The first appearance of shark-like jawed fish may have happened some 15 million years earlier than previously thought, new evidence suggests.
A handful of fossil teeth from a completely new species suggests the creatures emerged some time at the end of the Ordovician, or beginning of the Silurian, period – around 440 million years ago.
Before this, the earliest jawed fish to be positively identified included species 424 million years ago.
The fossil samples were analysed by researchers at the University of Birmingham, the Institute of Vertebrate Palaeontology and Palaeoanthropology, part of the Chinese Academy of Sciences and Qujing Normal University, China.
Dr Ivan Sansom, lecturer at the University of Birmingham and a co-author on the paper, said: “Until this point, we’ve picked up hints from fossil scales that the evolution of jawed fish occurred much earlier in the fossil record, but have not uncovered anything definite in the form of fossil teeth or fin spines.”
An artistic reconstruction of a Qianodus duplicis. Heming Zhang
While the team found lots of scales in the sample taken from the site of a new road being dug at a location in Guizhou Province, China, they eventually also uncovered a number of tiny teeth between 1.5mm and 2.5mm long.
Around 20 of the teeth were from the same species.
From the arrangement of the teeth and the shape of their bases, researchers established they came from a fish with an arched jaw margin, with offset tooth rows, similar to those found in sharks.
The new species has been named Qianodus duplicis – Qian being an ancient name for Guizhou Province, odus from the Greek for tooth, and duplicis, or double, referring to the paired rows of teeth.
In a separate paper, also published in the Nature journal, the team also identified fossil elements that relate to fin spines.
These are bony projections in front of the fins which can be seen today on Port Jackson sharks.
These spiny structures form the basis for a new species Fanjingshania renovata.

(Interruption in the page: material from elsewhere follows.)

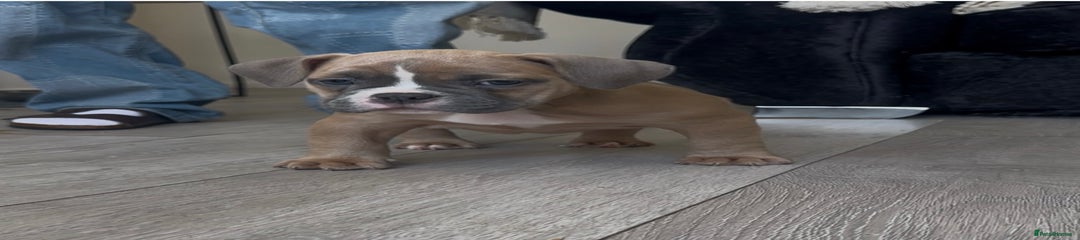American Bully Puppy 4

Dr Plamen Andreev, lead author on these papers, said: “The early so-called ‘spiny sharks’ had these features on all of their fins, but the examples that we have found belong to a much earlier period.
“These are the first creatures that we would recognise today as fish-like, evolving from creatures often referred to as ‘clams with tails’, from earlier in the Ordovician period.”
Cartilaginous fish, including sharks, separated off at some point from bony fish, from which humans eventually evolved.
However, the point at which this occurred is obscured within ghost ranges in the Ordovician period where only hints in the fossil record have been found.
Precisely how and when this separation happened is still a mystery.